Having previously been a sparsely populated island, what we now call Sentosa gained prominence as a prime location for defensive fortresses. The chain of fortifications built in the island protected the growing number of trade ships that passed through Singapore. Today, remnants of this bygone era can still be found in two museums on the island.
For a time, Singapore was Britain’s crown jewel of the East, a commanding fortress city controlling of the interests of its Empire in Southeast Asia. To this end, a battery of gun fortifications—including Fort Siloso—were erected across the shores of the Lion City to protect against naval invasions by the Japanese. To contain the rising aggression of Imperial Japan in the early 20th Century, the British Empire made Singapore the centre of a massive naval strategy, with Sentosa being one of the key points of the city’s defence.
After the liberation of Singapore and the return of British rule, the fort served as a British military retreat until 1967. Fort Siloso today is the only naval fortification in Singapore to have been preserved, with many of the original defensive artillery guns still proudly standing in its grounds.
Since 1974, the fort has served as a military museum that boasts of an impressive collection of World War II memorabilia. Besides its restored defensive infrastructure, the fort showcases both the role played by Singapore in World War II and glimpses of what life was like for Singapore’s defenders during the period. Visitors can avail of guided tours of the fort’s grounds and get a bird’s eye view of the fort from its 11-storey skywalk.

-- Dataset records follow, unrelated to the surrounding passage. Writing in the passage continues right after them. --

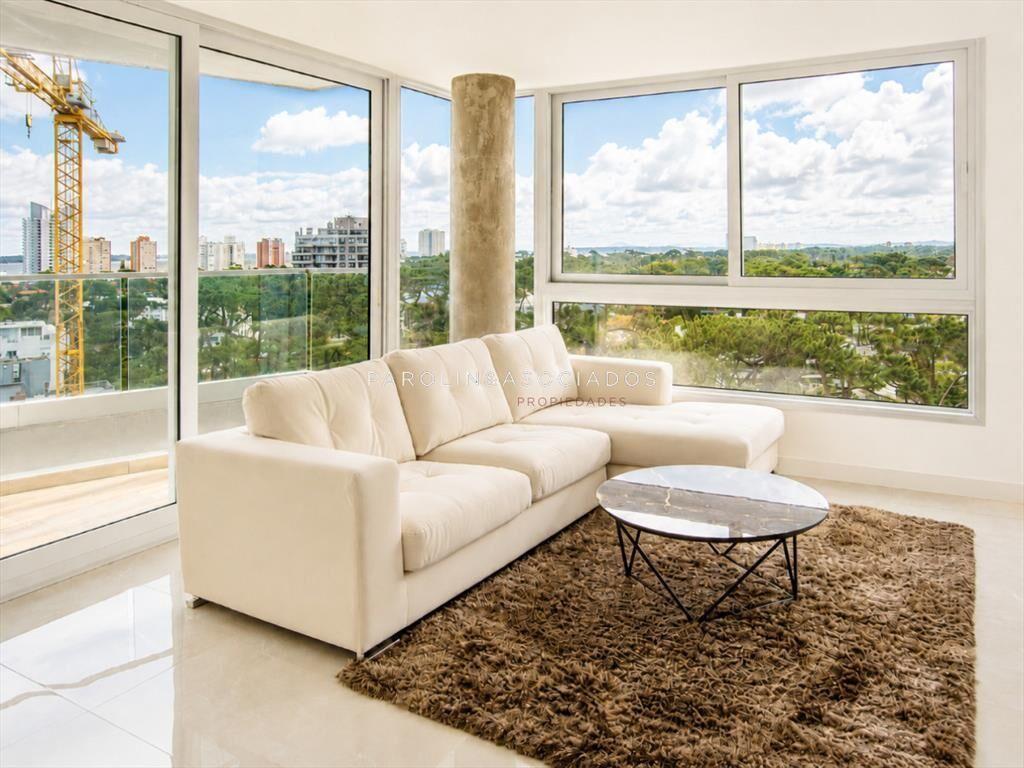 Vende apartamento de 3 dormitorios en Punta del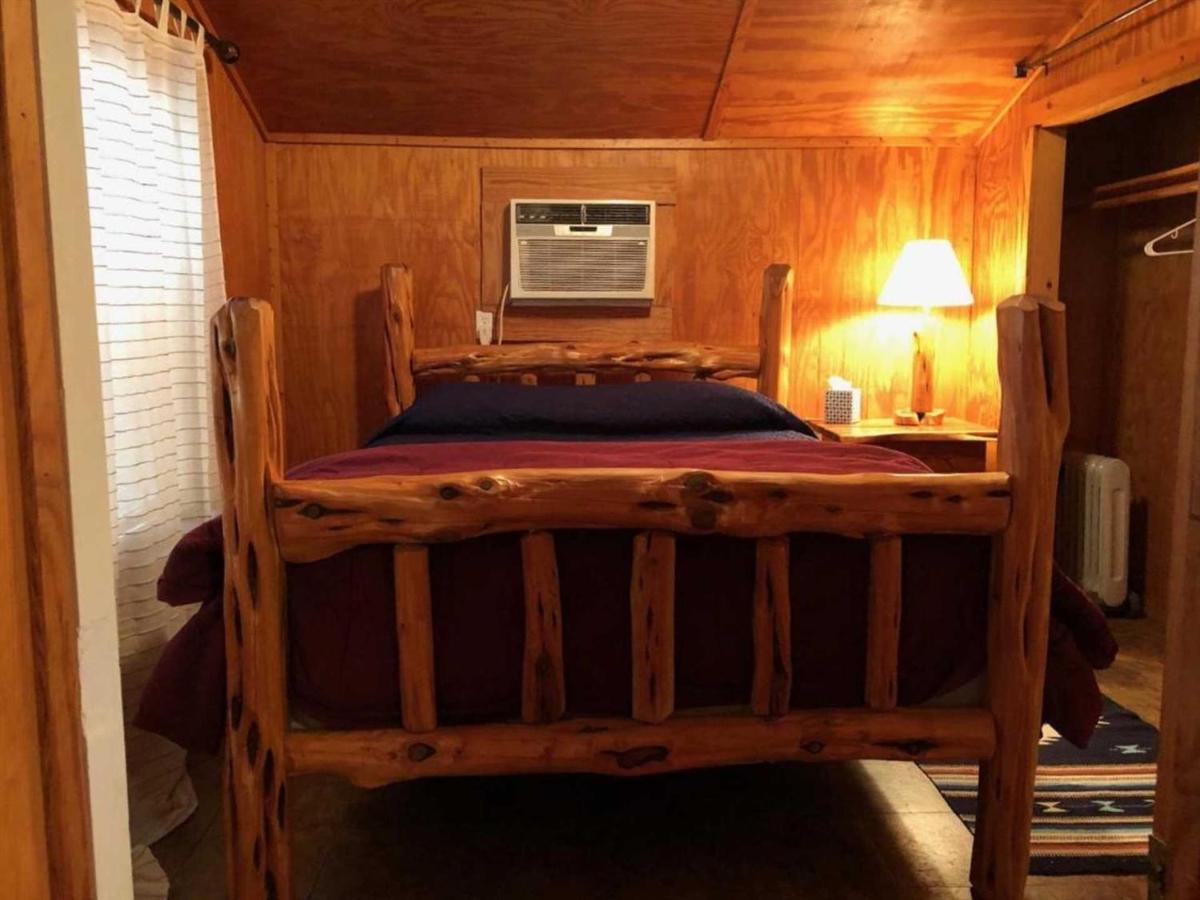 Bed and Breakfast West 1077 Guest Ranch - Retreat Tarpley Экстерьер фото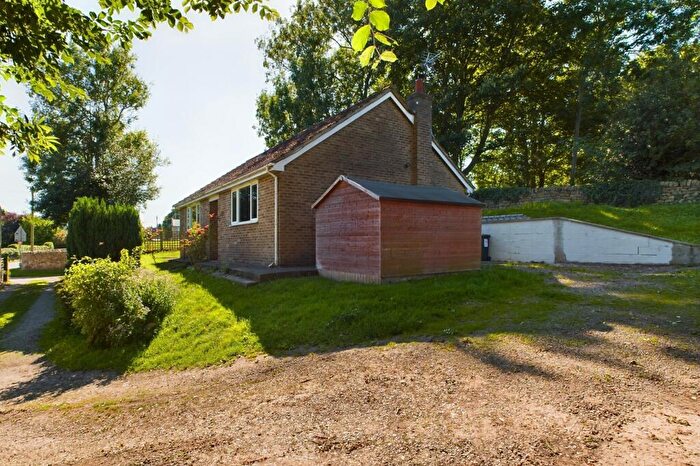 2 Bedroom Bungalow To Rent In Main Street, Scotton, HG5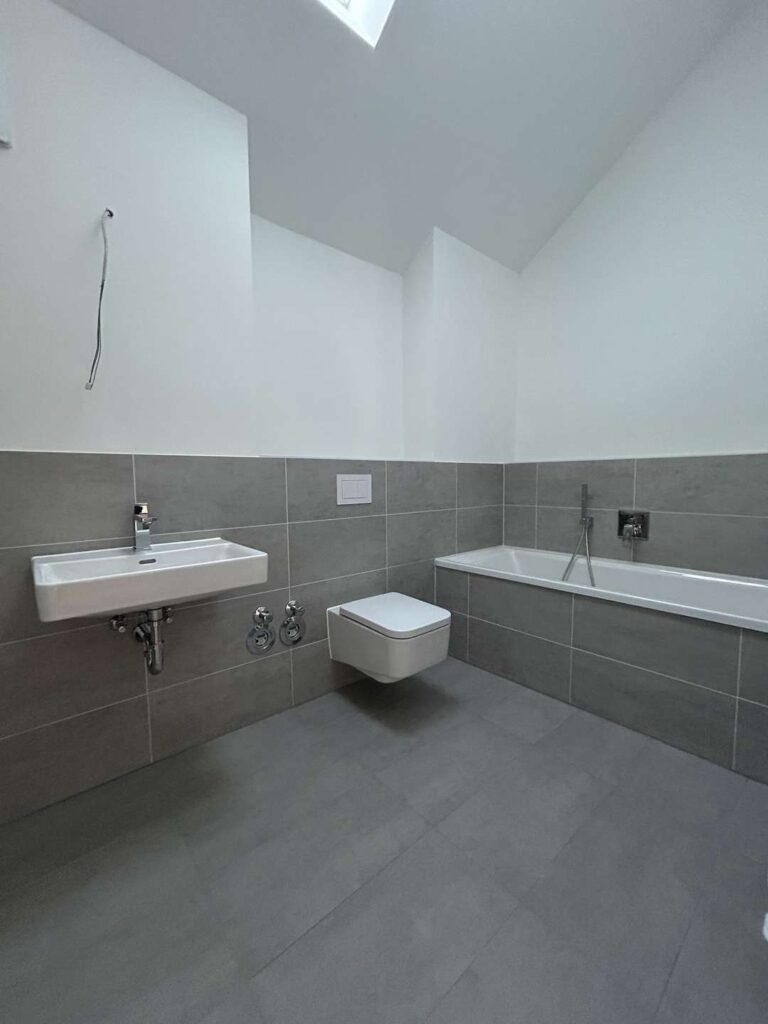 Badezimmer Maisonett Beispiel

The magnificent Merlion represents a fusion of the history, legends, and values of the Singaporean people. Always facing forward, the image exudes confidence and courage continues to embody the Singaporean drive for progress.
The symbol itself has ancient roots. Legend tells the tale of a young Malay prince who was said to have spotted a lion in the island before settling there. The settlement he founded was called “the lion city” in ancient Sanskrit, which evolved to the current name of Singapore.
The modern Merlion symbol, first designed by Fraser Brunner in 1964, also paid homage to Singapore’s ancient roots as the humble fishing town of Temasek, which rose to prominence in the wake of British rule and later as the modern city-state we know today.
Although the very visually interesting monuments of Singapore’s skyline had become entrenched in popular consciousness, the Merlion remains beloved by both Singaporeans and tourists alike as an enduring emblem of the city-state. Since then, several Merlion statues dot the city’s modern landscape and nowhere is it more impressive than in Sentosa. The curious visitor can book a ticket to the Sentosa Merlion museum and see a towering statue of the country’s national symbol proudly standing watch over Sentosa and the Lion City.
A modern institution, the Sentosa Merlion museum features intricate and interactive exhibits on Singapore’s legends and history. At 37 meters, the Sentosa Merlion is the tallest of its kind in the country and features viewing decks within its mouth and head with spectacular views of the city centre.